The message below should explain it all. If you have such a car you would like to sell please PM me. (Yes, I'll put it the wanted ads also)
"Hello, My name is Jeffrey Lemaux I am the curator of the Detroit Police
Museum. I don't know if you can help. I am looking to purchase a 1919-1921
model T touring car to install a reproduction of the first radio car
antenna. The car will be displayed in the lobby of the Detroit Public
Safety Building near the entrance to the museum. I am not looking for a
show car or one restored but a $5,000 to $8,000 car in decent shape.
Detroit was the first Department in the country to make a one way police
Walter Stick with a one-way police radio, 1922. The first one-way police radios were used as experiments by Detroit police and installed in the back seat of a Model T Ford police patrol car.
And when they weren't using the radio they could hang out their laundry.
I'll bet back then the radio took up all of the back seat
Jerry, Detroit is hurting badly, but I'd like to see them get their car. I'll donate $100 towards the purchase of a decent $5-$8,000 car. Someone will have to remind me of this promise, but if they do, I'll keep it.
Wow. That's really neat, hopefully they get the T. Tim
With the heat that radio generated they wouldn't need side curtains
Sorry Jerry. Hit this by mistake. Was trying to get to
OT- Christina is Miss July.
Thanks for the generous offer. I'll mention it to them!
Does the car have to run?
Does the radio have to work or is it a static exhibit?
Does the radio have to run off a 6 volt battery?
If it is an operating replica of a radio of the 1920's possibly the filaments will be between 1.5 to 6vdc (the A battery). There will be a B+ battery of 45 to 90 volts dc, and a C+ battery of 22.5 volts.
As this was one way communications it was a transmitter to the precinct station - a transmitter only.
The transmitter if operating a 5 meters will have the same power supply. Most likely the microphone will be carbon with a 3vdc battery.
FYI see: http://web.mit.edu/comm-forum/mit8/papers/Cohen_MIT8_paper.pdf
My guess is that the radio will not have to work, in fact it will probably be a mock-up.
Does the car have to run? I don't know, maybe not.
I remember seeing this picture when I was a kid a couple of years ago and always thought it would be cool to reproduce this car. Glad the DPD is doing it.

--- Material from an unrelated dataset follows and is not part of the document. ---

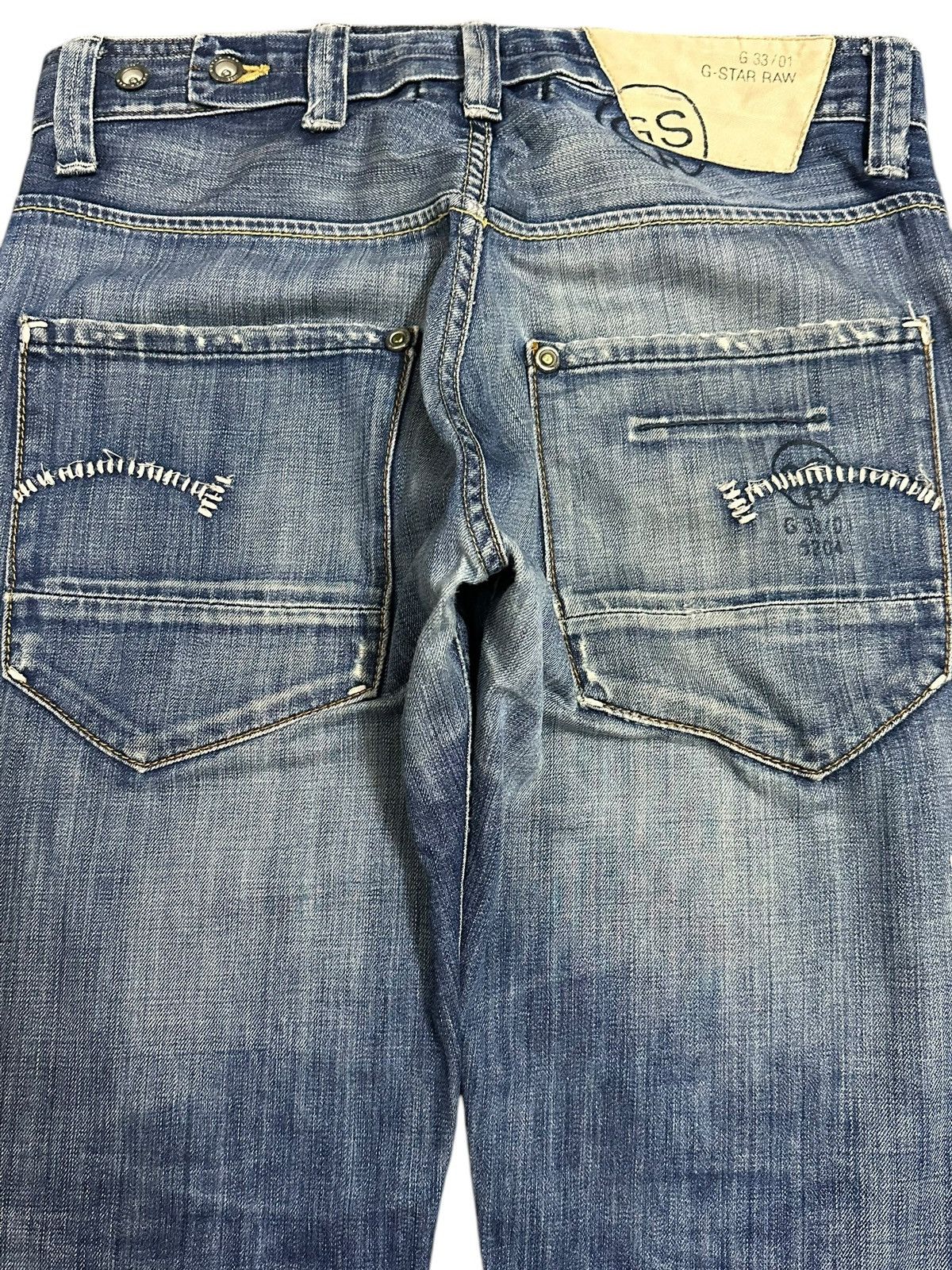 G-Star Vintage Japanese G Star Raw Blue Wash Distress Loose Jeans Size US 32 / EU 48 - 5 Thumbnail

When you were a kid... a couple of years ago????
Model T's are for kids of all ages.
Alan, you are sooooo right! So there, Jerry!!!!
By 1920 the use of radios was regulated by the FCC. The call letter for the Detroit Police Department was KOP. Issued March 1922, they were assigned an AM frequency of 1050. From the information available the license was two fold - Entertainment interspersed with police broadcast.

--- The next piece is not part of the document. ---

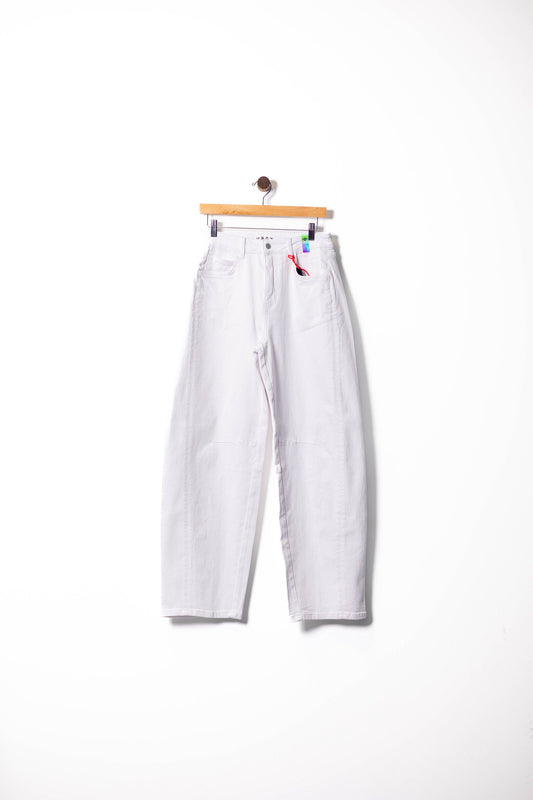 Barrel Baggy White Jeans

Thanks for all the great info. I would like the car to run but it surely does not need to be a show car. Yes it will be a mock up. The antenna I have is a reproduction from 1967. They did a photo shoot with a Model T with the radio antenna and a new Plymouth Fury showing the advancement in radio cars. This first radio car was in fact a one way broadcast. The car would be on display in the hallway of out Headquarters building ouside of the museum. I would also like to take it once a year out to the Ferndale Emergency Vehicle Show the Friday night before the dream cruise.
sorry about the low resolution but it would not let me upload anything higher.
The Ford in the 1967 photo is a 1924 or 1925 model.
Who knew that there were fallout shelters below in 1924?